A pesar de la longitud (160 minutos), Assayas ofrece un interesante recorrido por la política internacional de la última parte del siglo XX, narrado a modo de thriller de espionaje en su versión más clásica, y construido a partir de un personaje carismático, violento y frio, pero a la vez tremendamente magnético. El ritmo es trepidante, con abundantes escenas de acción, la reconstrucción histórica lo suficientemente esmerada, mientras el discurso crítico y social, en el que no falta el ingrediente romántico, ofrece un retrato bastante fidedigno del momento predecesor del actual panorama mundial. Entretenida, bastante didáctica y digna de ver por la autenticidad en todos y cada una de los planos y secuencias, aunque hay que advertir del rechazo de su protagonista, que la ha tildado -desde la cárcel en la que actualmente cumple condena por asesinato- de burda manipulación de su personaje.
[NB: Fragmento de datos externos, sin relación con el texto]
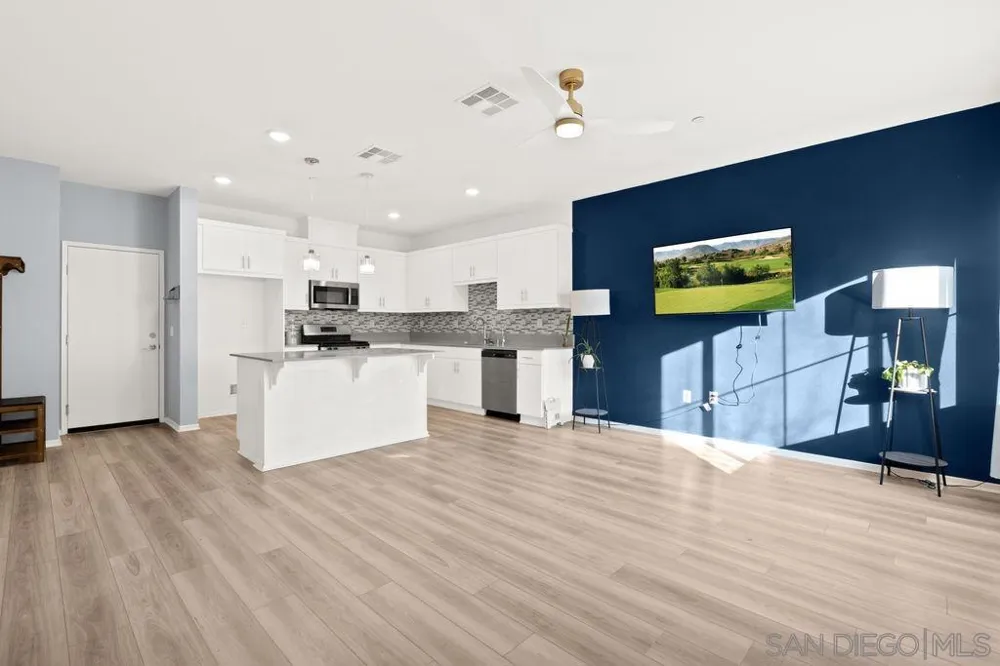 347 Sweet Pl Fallbrook, CA 92028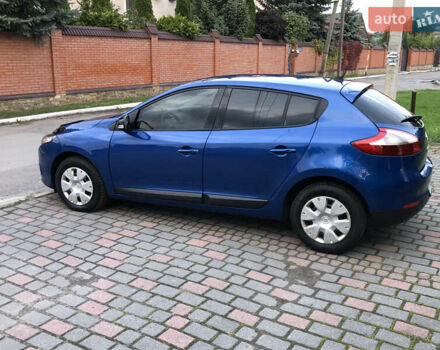 Рено Меган 2012 в Львове на Automoto.ua Синий Рено Меган, объемом двигателя 1.5 л и пробегом 300 тыс. км за 5250 $, фото 7 на Automoto.ua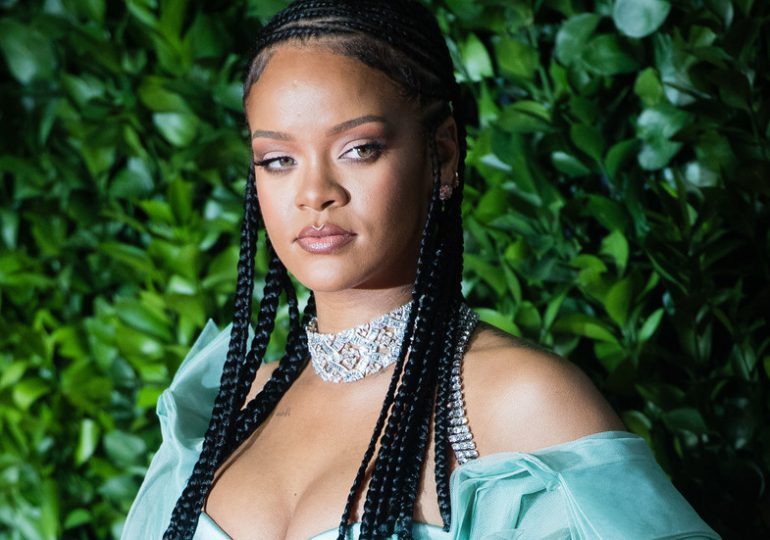 Rihanna paga 10 millones de dólares por casa que le queda al lado a su actual residencia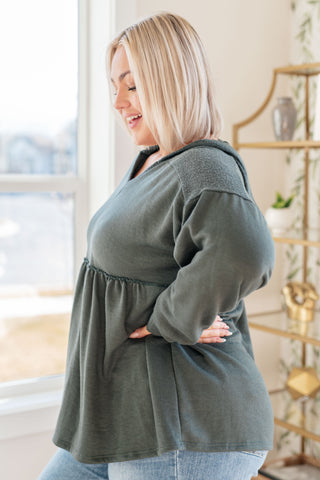 Willow lake Hooded V-Neck Pullover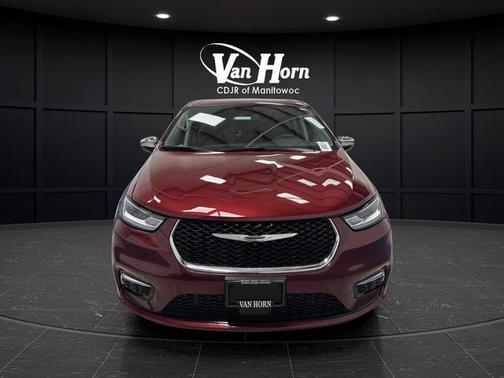 2023 Chrysler Pacifica Hybrid Limited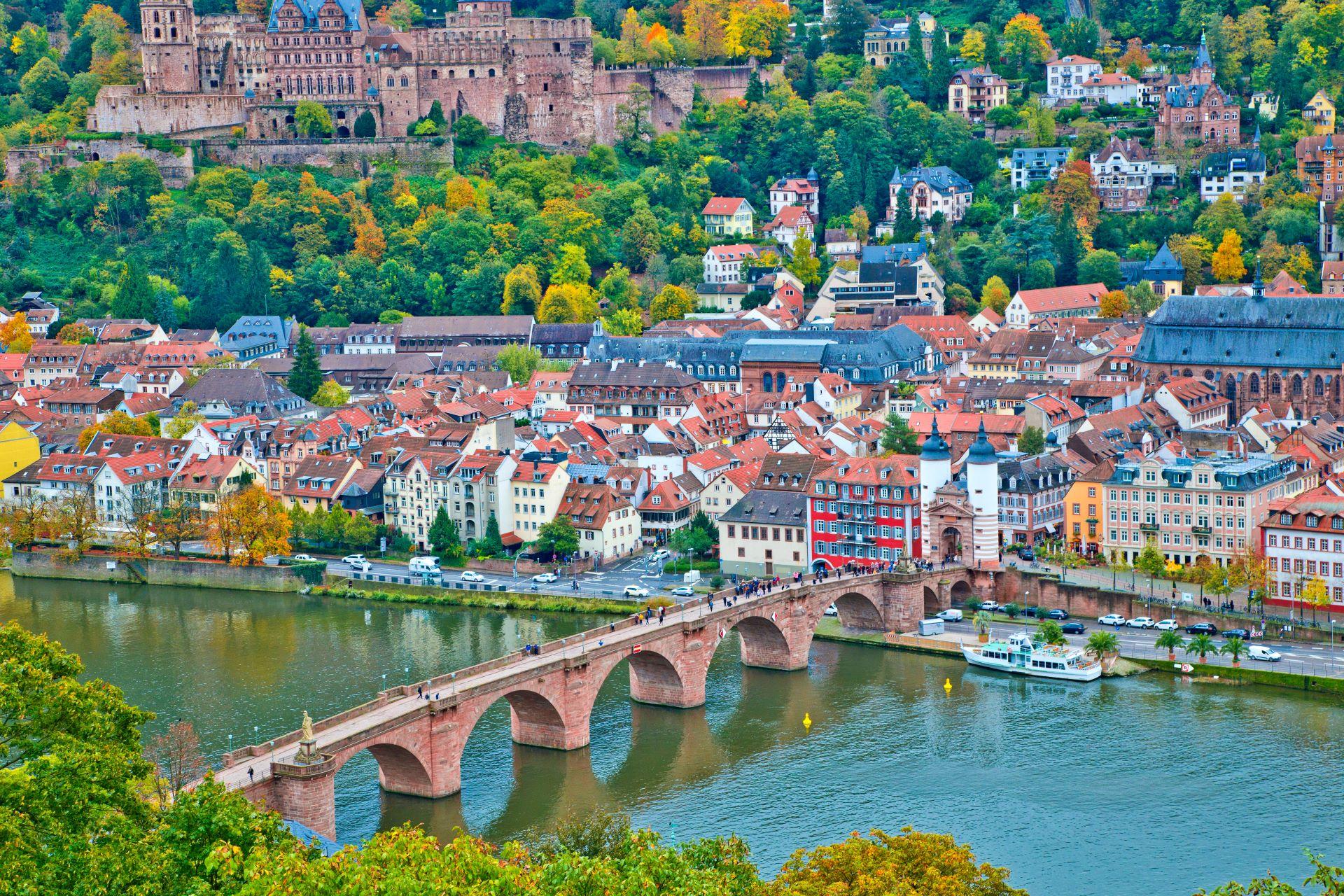 Altstadt von Heidelberg mit Blick auf das Schloss und die Alte Brücke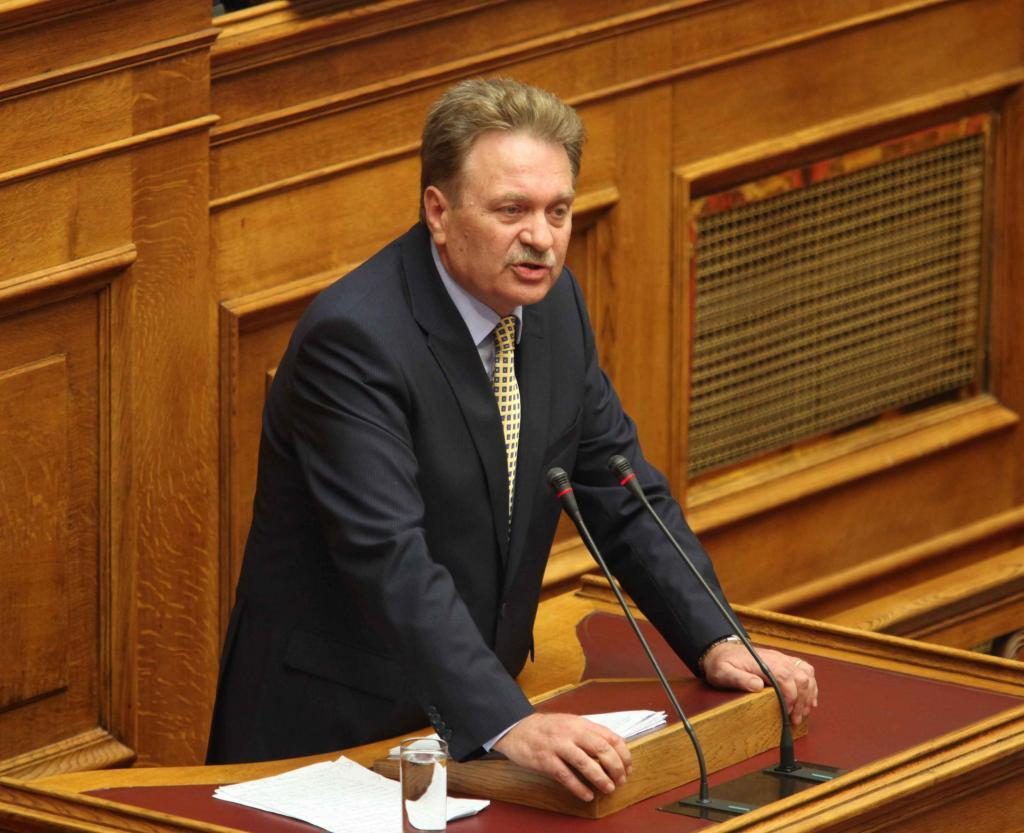 Ο Γ. Αποστολάκος στη Βουλή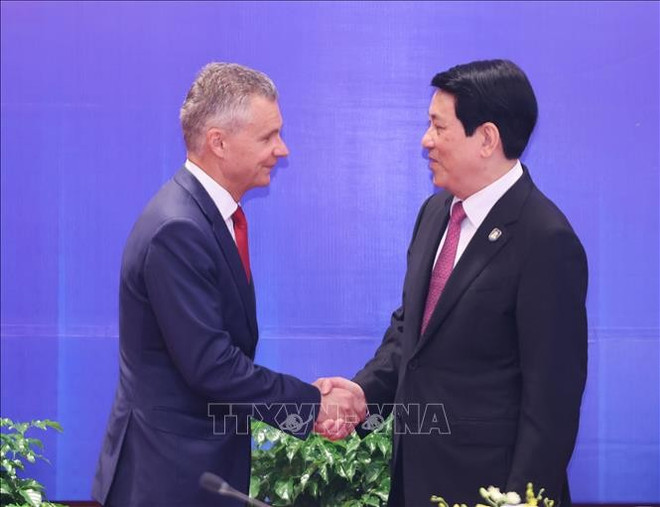 越南国家主席梁强会见澳大利亚贸易与外交助理部长蒂斯特尔思韦特。图自越通社 1761382957101.jpg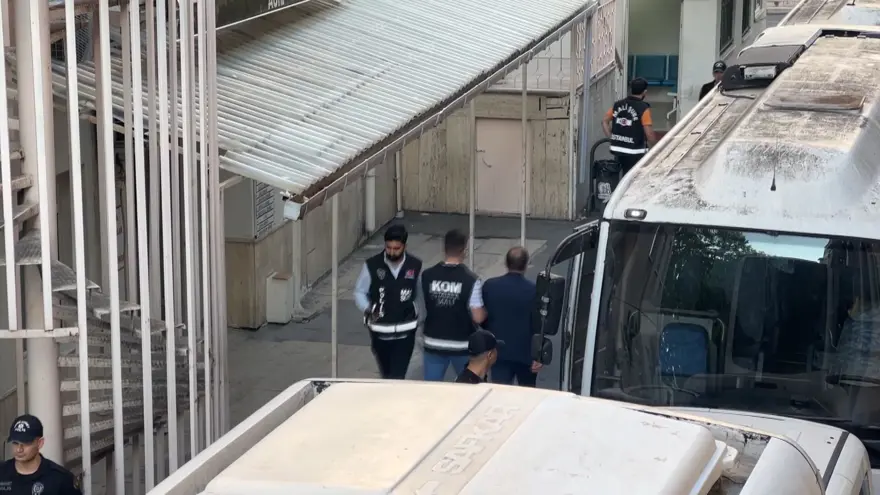 Silivri Belediyesi'ne Operasyon 18 Kişi Gözaltına Alınarak Adliyeye Götürüldü (3)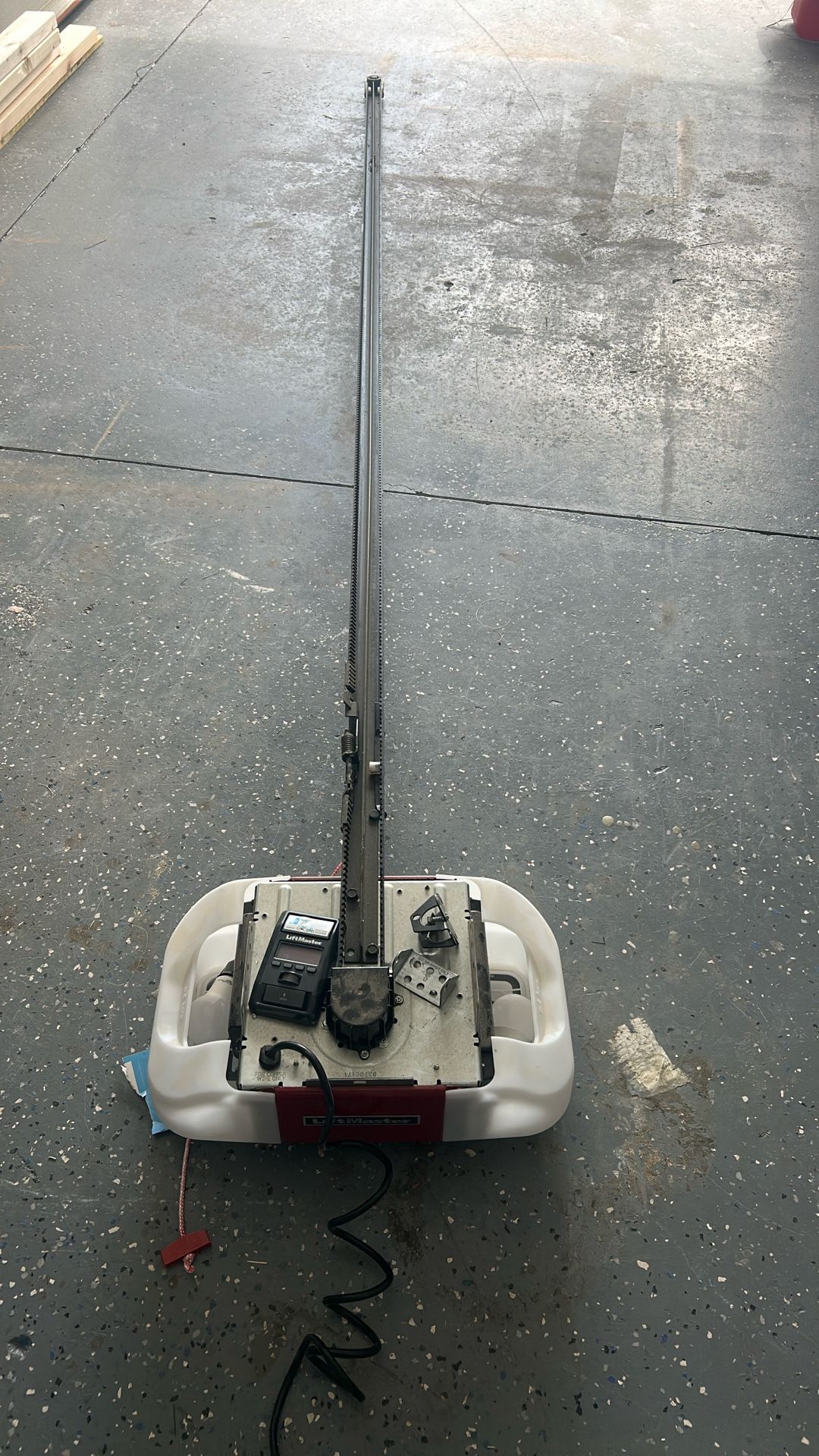 Lift master Belt Drive Security 2.0 myQ. Make An Offer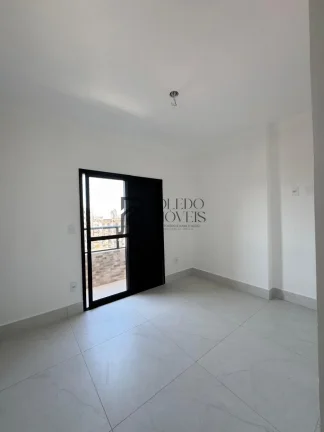 Imagem Apartamento 2 Dormitórios sendo 1 suíte a 200 metros do mar no bairro Caiçara - Praia Grande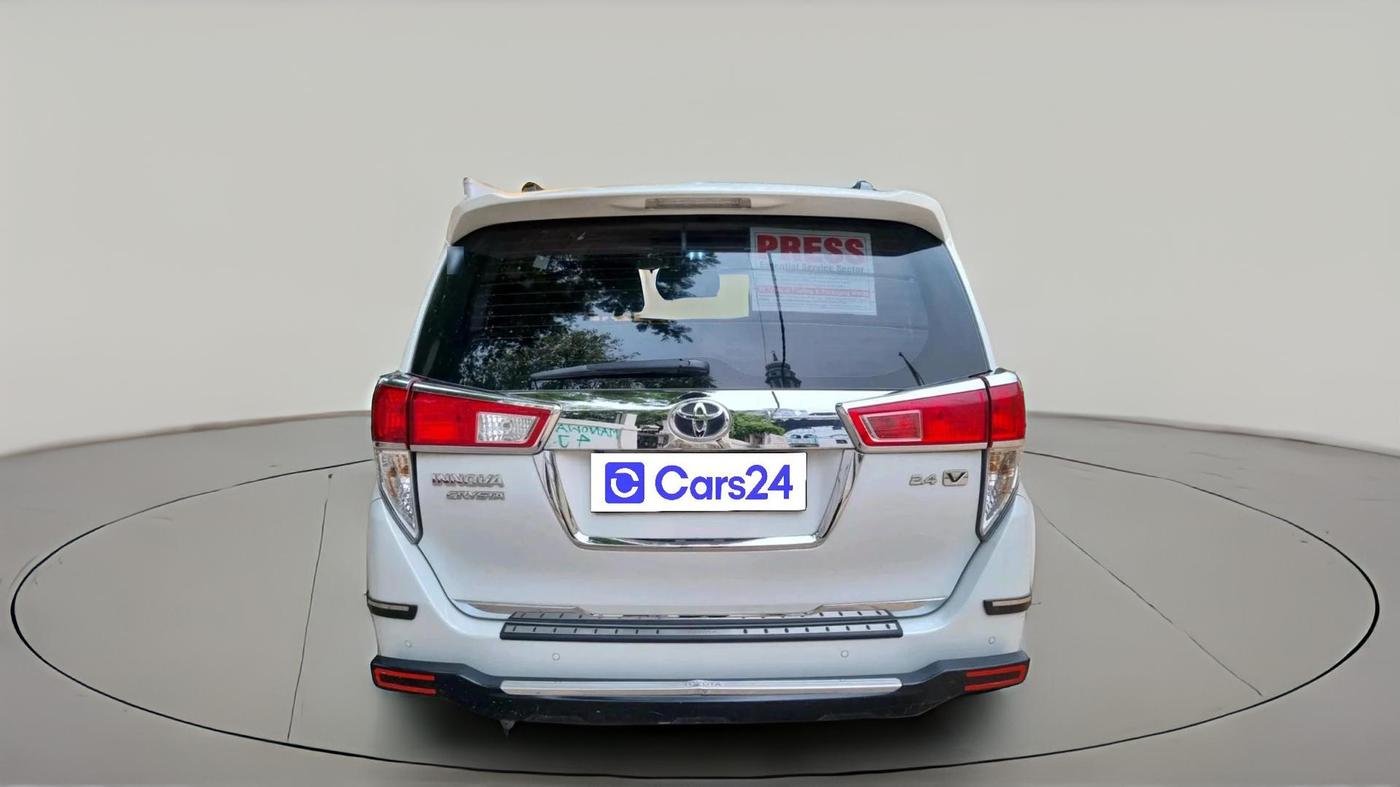 2025 Toyota Innova Crysta 2.4 VX 7STR, Diesel, Manual, 30,475 km, exterior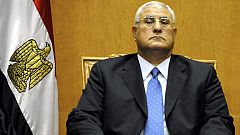 Adli Mansur jura el cargo como nuevo presidente interino de Egipto instaurado por los militares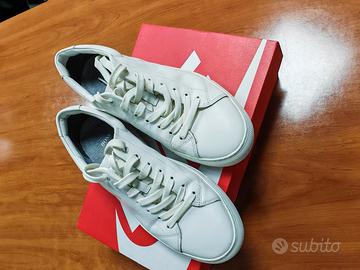 BOSS Sneakers Pelle Bianca – EU 40 – Pari al Nuovo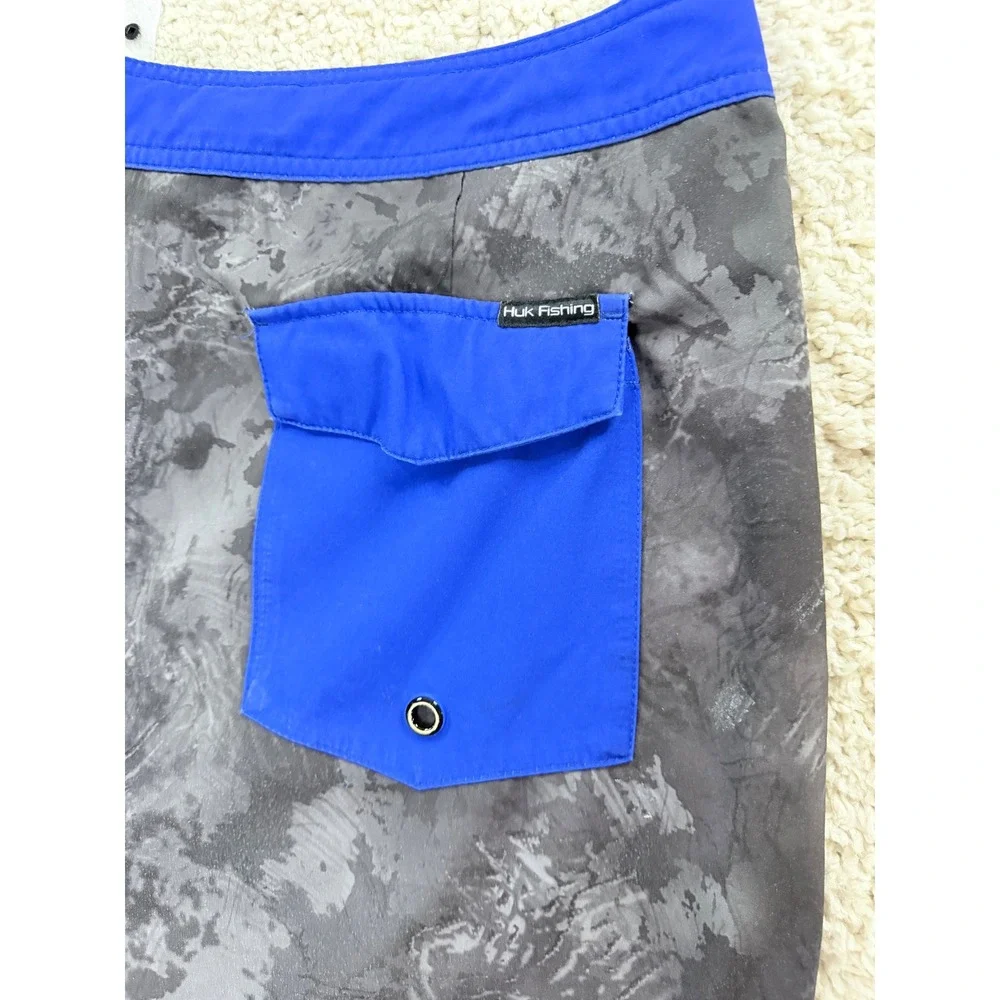 Huk Board Shorts Men 40 Gray Blue Camo Excellent Performance Fishing Swim Trunks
Adoration, de Atom Egoyan (2008)

Entretenerse con el cine de Atom Egoyan es como jugar con muñecas rusas: sus historias permanecen envueltas una dentro de otra y al hilo de un tema principal que continúa encerrado en la última escala del juego, tenemos que recomponer todas las piezas como si de un puzle entre comedia pesimista  e  inquietante drama se tratase. No es esta su mejor película, ni tampoco la más ambiciosa, de hecho en Adoration los campos abarcados en el tiempo, en los temas y en sus personajes son sustancialmente más reducidos que en films como Ararat, Exótica, El dulce porvenir, El viaje de Felicia o una de mis preferidas, El Liquidador (The Adjuster). Sin embargo conserva esa característica perversa de su cine que es el coqueteo a la hora de jugar con temáticas muy actuales y manejar sus personajes como sólo él sabe hacerlo.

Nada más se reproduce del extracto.